[College of ACES] [University of Illinois] [Illinois CES]

Re: Re: Re: Re: Re: Re: Re: Re: Eye-Splicing 16strand

arb@concentric.com
Sun, 21 Jun 1998 22:28:32 -0500


dbl,
You asked : How many splices(home splices) do you think Samson
& New Eng. have seen?
A bunch, they have tree people, boating people
and others sending in their work. If you think
I'll called just anybody, think again! Each
time I have only talked to the labs. These
people go out in the field to see what's
going on and also set the specs. for tensile
strengths and so on.THEY ARE PHD'S AND NOT SALES PEOPLE!
Matter of fact BOTH labs
stated that a proper eye splice will not retain
90% of the rope's strenght! Not even close!!
The people at the labs, are experts in their
field. I'm not working in their field!

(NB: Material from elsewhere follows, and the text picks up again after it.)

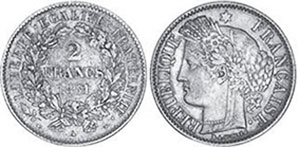 moneda Francia 2 francos 1851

So I do
listen!

About the stitch lock, go back & read my thread.
You agreeing with what I said.
Splices have been around for long time, I not
complaining. Maybe I'm just writting about what
no one else has thought about?

The bottom line: If you have spliced
a lowering sling and someone overloads it
and that chunk of wood hurts or kills someone
WHO DO THINK IS LIABLE? THE PERSON OR COMPANY
THAT ALTERED THE ROPE.

3/4" SLING? Have you ever dropped hitch
a 1,800lb. chunk w/o letting it run?
I have 3/4" is only good for the light stuff.
Your missing the point, the rope will fuse & break before
the eye fails!
We use 1.250" & 1.500" double braid slings for
the bigger stuff!!

Gimmie fuel, gimmie fire, ahh you know the rest!